The European Union gave three of its financial miscreants (Belgium, France, and Italy) Christmas presents early—three extra months to bring their budgets in line with legal requirements. All three governments will exceed the EU’s requirement for budget deficits to not exceed three percent of GDP. The problem, however, is far more serious than a three months grace period can correct. In France’s case, the government has admitted that the three percent target will not be reached until 2017, at the earliest.

But Europe’s real problem is not budget deficits or arbitrary financial requirements.
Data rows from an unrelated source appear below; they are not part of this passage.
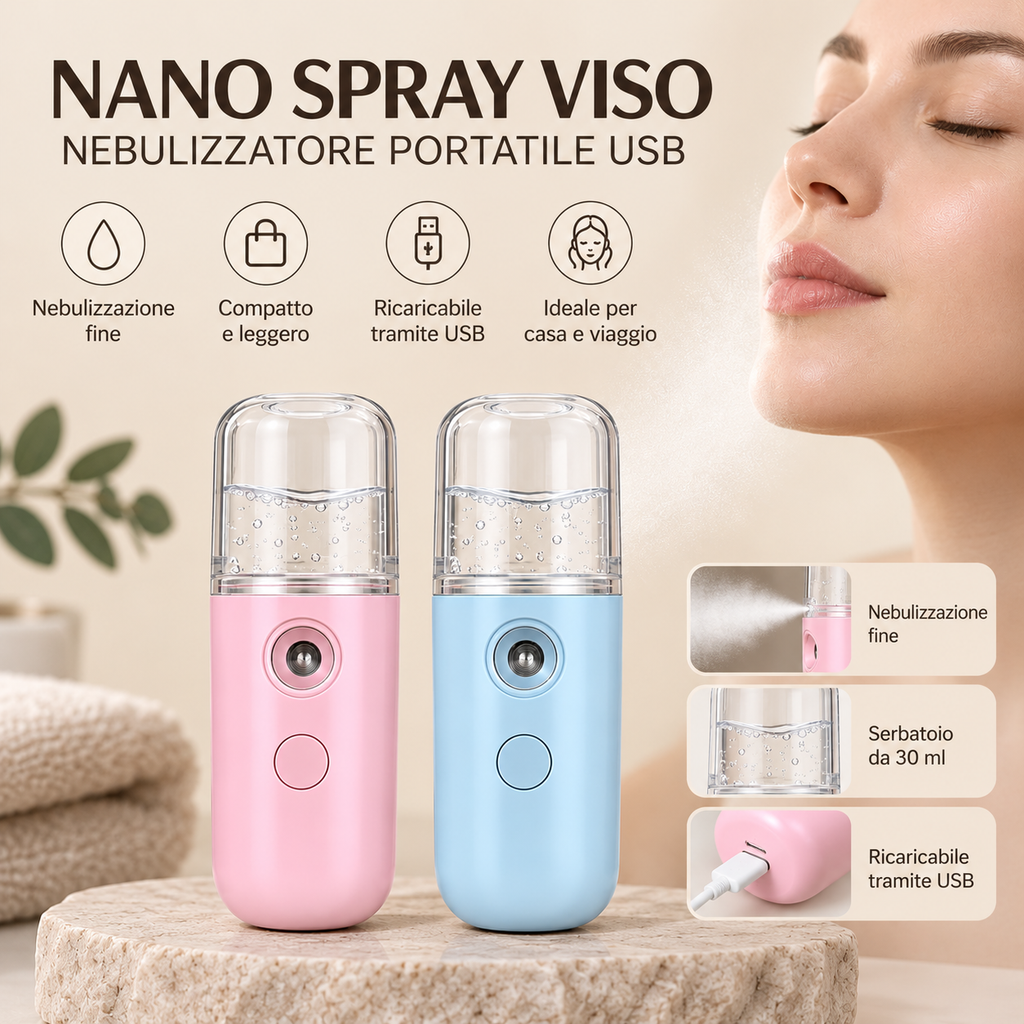 Nano Spray Viso 30 ml – Nebulizzatore Portatile USB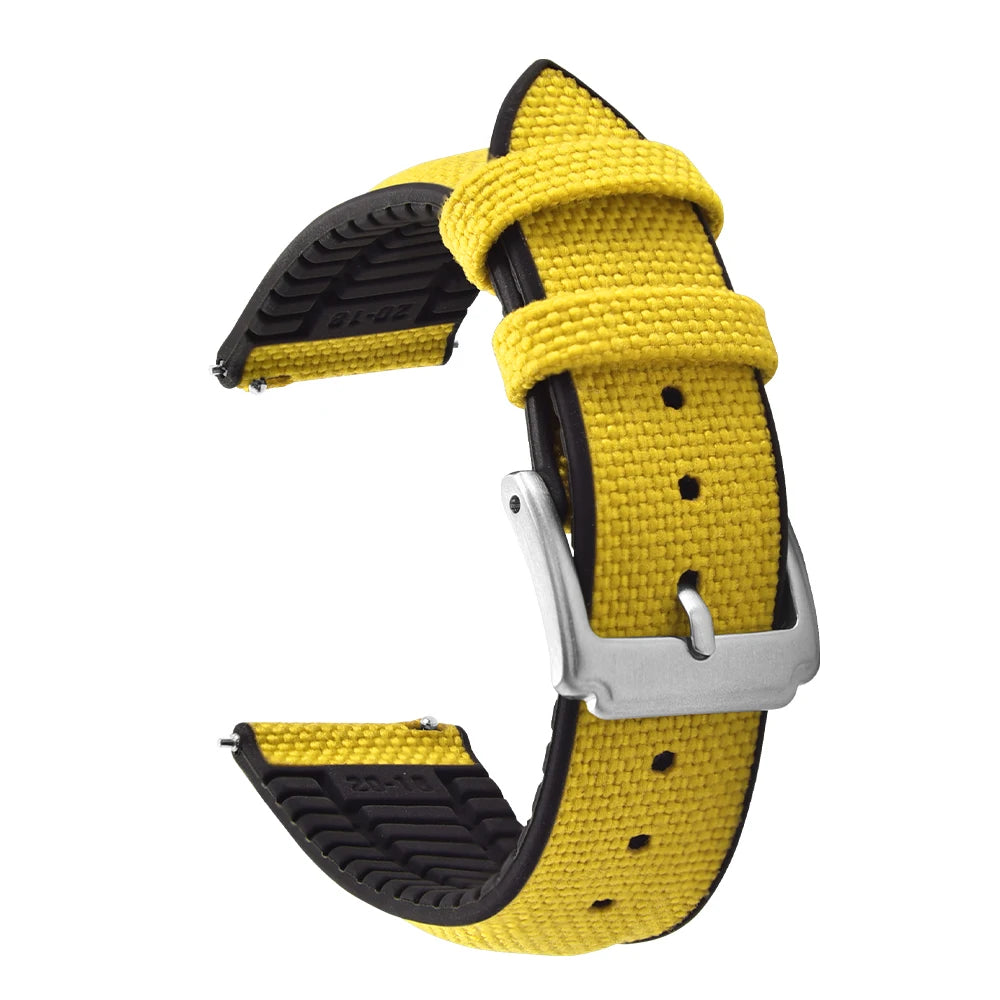 18/19/20/21/22mm For Cordura Sailcloth Nylon Strap Silicone Rubber Quick Release Band for Seiko Omega Cartier Smartwatch Belt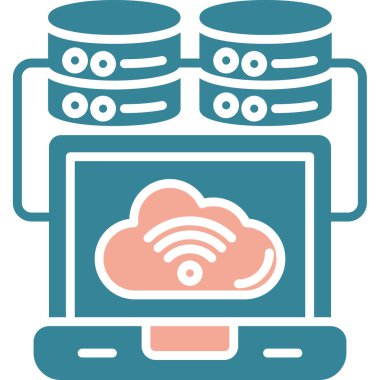 Bulut hesaplama teknolojisi tasarımı, vektör illüstrasyonu 10 grafiklik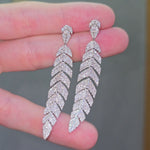 Load and play video in Gallery viewer, Full-Diamond Feather Stroke Earrings

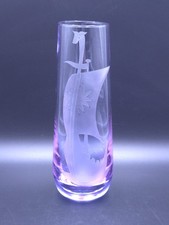 Caithness Glass Viking Ship Etched Purple 23 cm Vase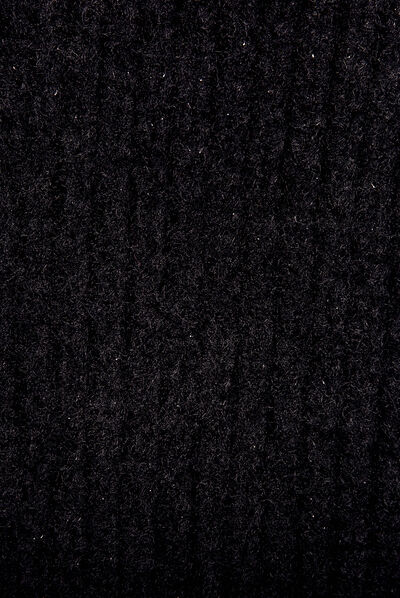 Poncho maille ajourée fluide noir femme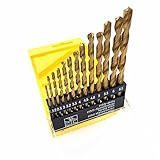 CECII 13PCS 1.5/2/2.5/3/3.2/3.5/4/4.5/4.8/5/5.5/6/6.5mm HSS Golden Silver High Speed Steel Drill Bit Set Tools Titanium For Wood Plastic and Aluminum Copper Steel
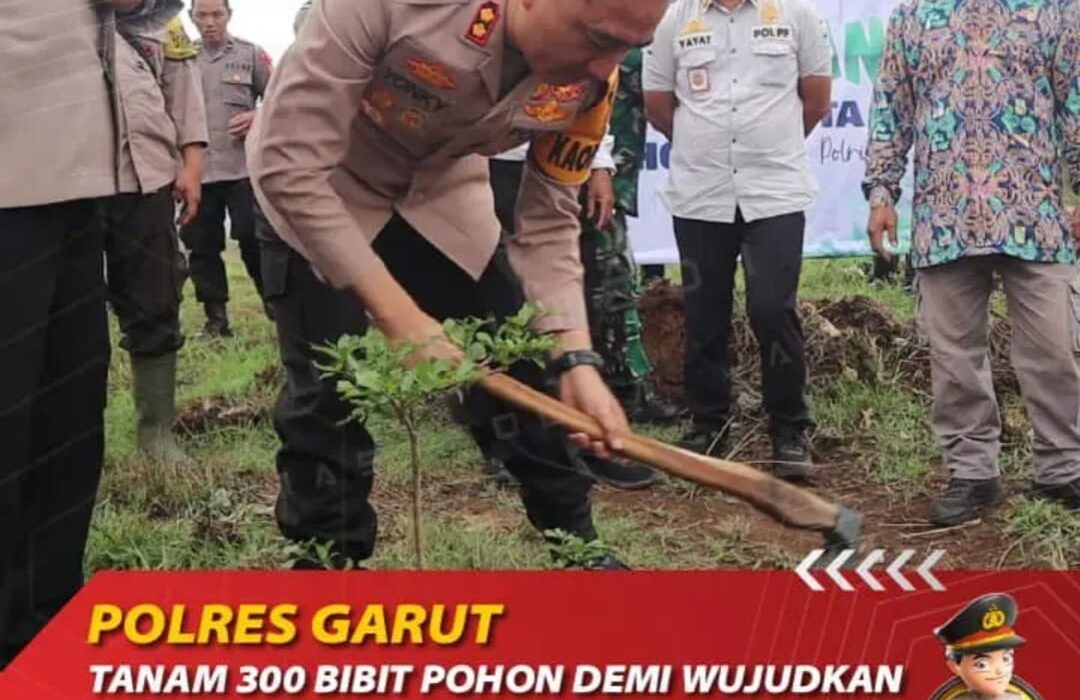 Demi Wujudkan Wilayah Dengan Udara Yang Sehat Polres Garut Tanam 300 Bibit Pohon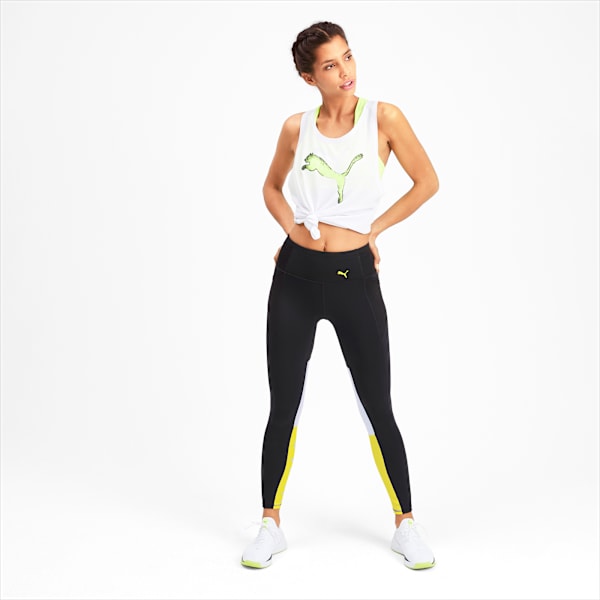 Feel It Women's 7/8 Leggings, Puma Black-Yellow Alert, extralarge
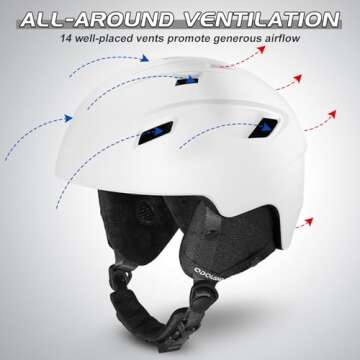 Odoland Ski Helmet and Goggles Set, Snowboard Helmet Glasses for Men, Women & Youth - Shockproof/Windproof Gear for Skiing, Snowboarding, Snowmobile White,M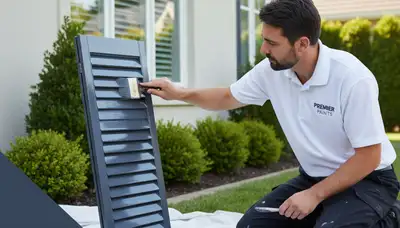 Professional shutter painting on a Tucson AZ home exterior by expert house painters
The core problem is the absence of dynamism and economic growth. In the twenty-first century, the GDP growth of the EU has been atrocious. Since 2002, the 28 EU nations have grown on average 1.11% per year; the 18 members of the euro, an even more anemic 0.84%. Why? Three reasons stand at the forefront. Europe isn’t young enough. Europe doesn’t work enough. Europe isn’t friendly enough to business and innovation.

No less a figure than Pope Francis recently criticized Europe at a speech in front of the EU Parliament in Strasbourg as “elderly and haggard.” The sad reality is that this is more matter of fact than manner of speech. According to the European Commission’s official eurostat service, Europe has median population age of 42 years, increasing at a rate of 0.3 years per year over the past dozen years. With Europe’s population growing even more slowly than its economy (an estimated 0.22% in 2014), the likelihood of this precarious pyramid changing is small. The birth rate among European nations is estimated to be approximately 1.6 children per woman—significantly below the 2.2 children per woman replacement threshold. At present, there are approximately four workers for every person over the age of 65, making it more and more difficult for Europeans to work to support their aging populations.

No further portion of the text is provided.